The TPU was designed to be a co-processor communicating via a PCIe bus, to be easily incorporated in existing servers. It is primarily a matrix-multiplication engine following a CISC (Complex Instruction Set Computer) ISA. The multiplication engine uses systolic execution to save energy, reducing the number of writes to SRAM.

The TPU was fabricated with a 28-nm process and clocked at 700 MHz. The portion of the application that runs on the TPU is implemented in TensorFlow.

The TPU computes primarily reduced precision integers, which further contributes to energy savings and increased performance.

=== Microsoft Catapult ===
Microsoft's Project Catapult put an FPGA connected through a PCIe bus into data center servers, with the idea of using the FPGA to accelerate various applications running on the server, leveraging the reconfiguration capabilities of FPGA to accelerate many different applications.
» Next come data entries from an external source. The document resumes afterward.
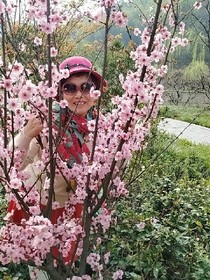 老婆的嘴，骗人的鬼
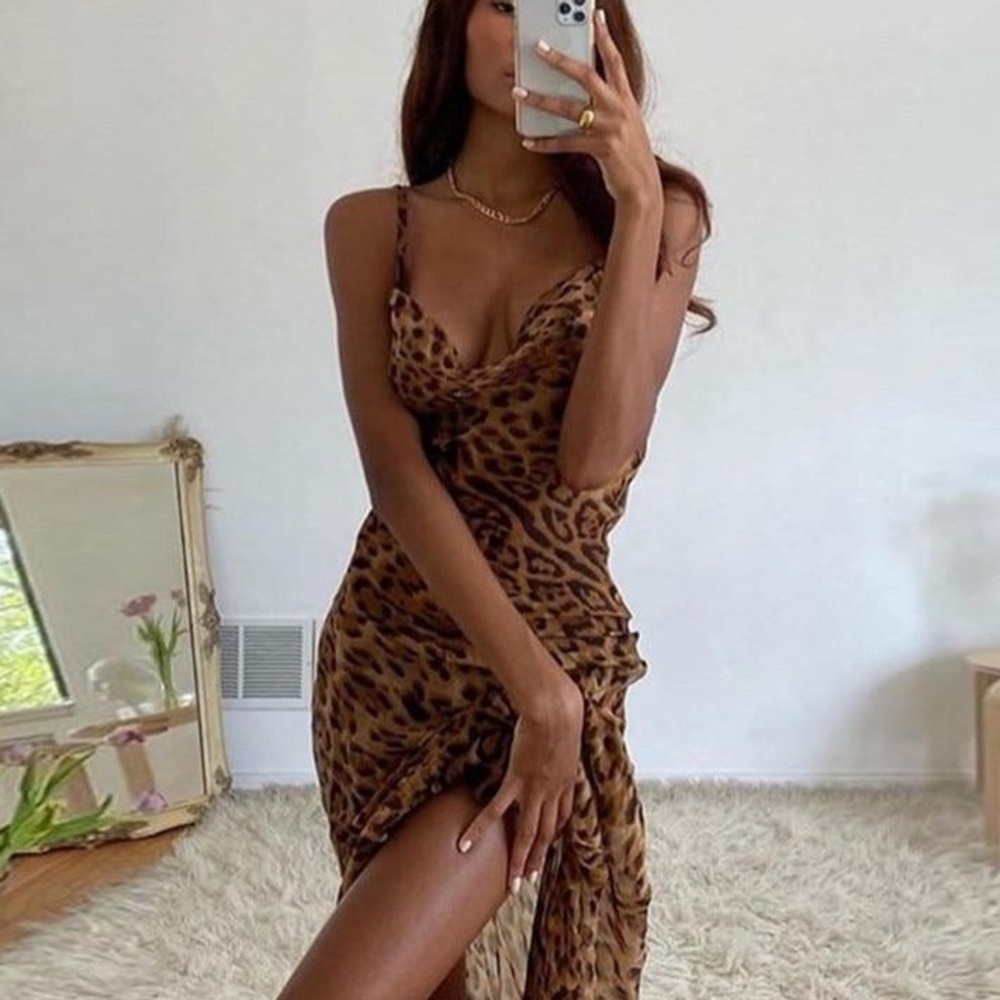 Leopard Print Sheer Maxi Dress - Picture 5 of 13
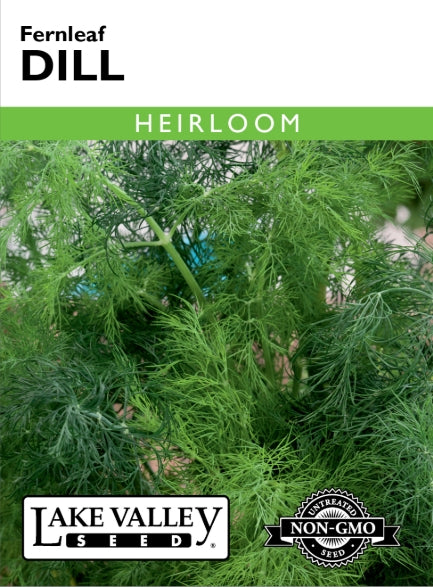 Dill Fernleaf Heirloom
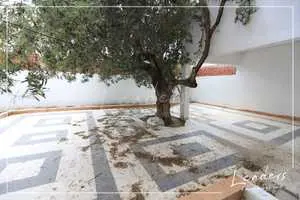 maison sur deux niveaux à hammamet (27246339)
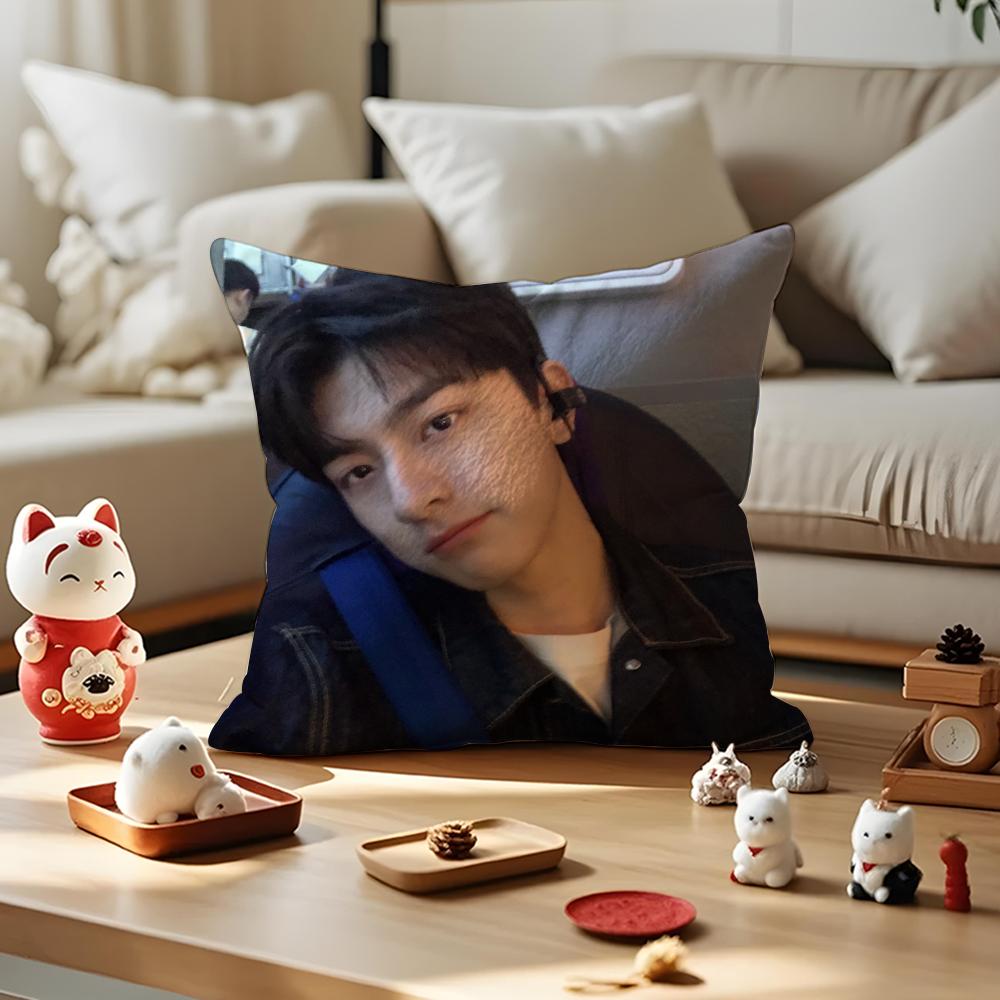LinYi Chinese Actor Cushion Cover Anti-dustmite Pillowcase Invisible Zipper Silky Short Plush Sofa Cushion Cover
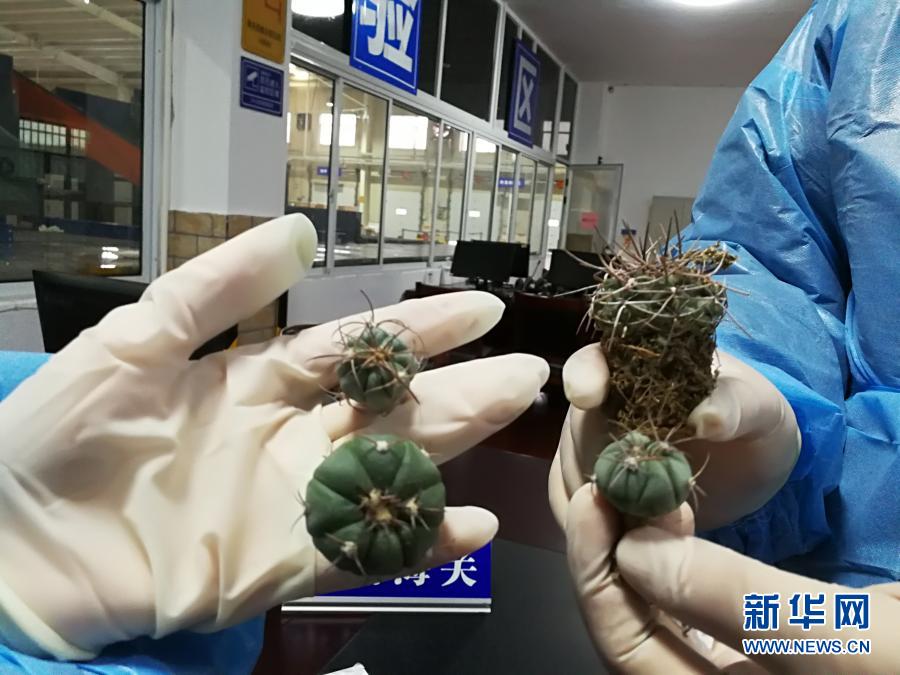 这是长沙海关所属长沙邮局海关查获的活体濒危植物（12月17日摄）。当日，记者从长沙海关获悉，长沙海关所属长沙邮局海关近日从入境邮件中截获4株活体濒危植物苗木。目前，该关已对该邮件依法截留处理。新华社发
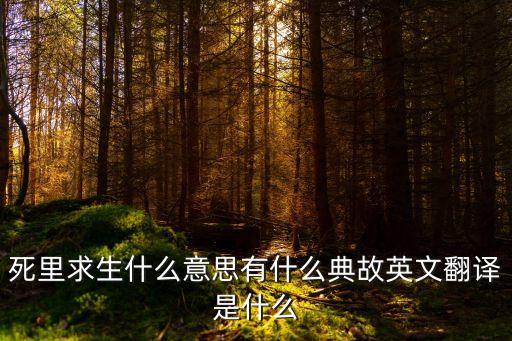死里求生，死里求生什么意思有什么典故英文翻譯是什么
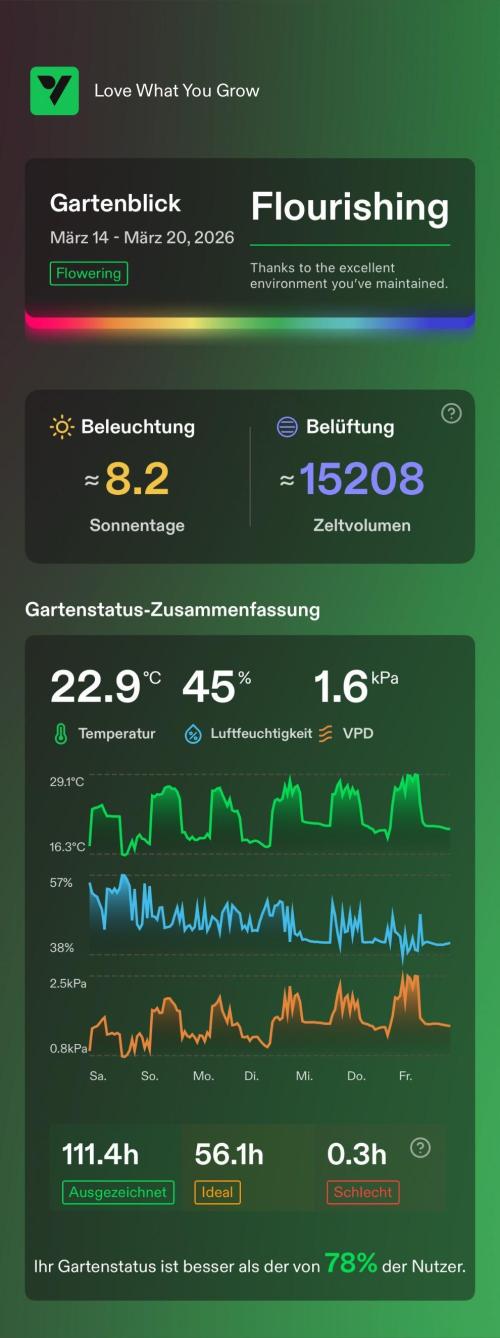 Versuch macht klug. Week 10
Differently from Google's TPU, the Catapult FPGA needed to be programmed via hardware-description languages such as Verilog and VHDL. For this reason, a major concern for the authors of the framework was the limited programmability.

Microsoft designed a CNN accelerator for the Catapult framework that was primarily designed to accelerate the ranking function in the Bing search engine. The proposed architecture provided a runtime reconfigurable design based on a two-dimensional systolic array.

=== NVDLA ===
NVDLA is NVIDIA's deep-learning inference accelerator. It is an open-source hardware design available in a number of highly parametrizable configurations. The small-NVDLA model is designed to be deployed in resource-constrained scenarios such as IoT where cost, area and power are the main concerns. Conversely. the large-NVDLA model is more suitable for HPC scenarios. NVDLA provides its own dedicated training infrastructure, compilation tools and runtime software stack.

== DSA for other domains ==
Aside from an application in artificial intelligence, DSAs are being adopted in many domains within scientific computing, image processing, and networking.

=== Pixel Visual Core ===

The Pixel Visual Core (PVC) is an of ARM-based image processors designed by Google. The PVC is a fully programmable image, vision and AI multi-core domain-specific architecture (DSA) for mobile devices and in future for IoT. It first appeared in the Google Pixel 2 and 2 XL which were introduced on October 19, 2017. It has also appeared in the Google Pixel 3 and 3 XL. Starting with the Pixel 4, this chip was replaced with the Pixel Neural Core.

=== Anton3 ===

The architecture of the Anton3 specialized cores. Geometry Cores carry out general-purpose computation while specialized hardware accelerate force-fields computation.

Anton3 is a DSA designed to efficiently compute molecular-dynamics simulations. It uses a specialized 3D torus topology interconnection network to connect several computing nodes. Each computing node contains a set of 64 cores interconnected through a mesh. The cores implement a specialized deep pipeline to efficiently compute the force-field between molecules. This heterogeneous system combines general-purpose hardware and domain-specific components to achieve record-breaking simulation speed.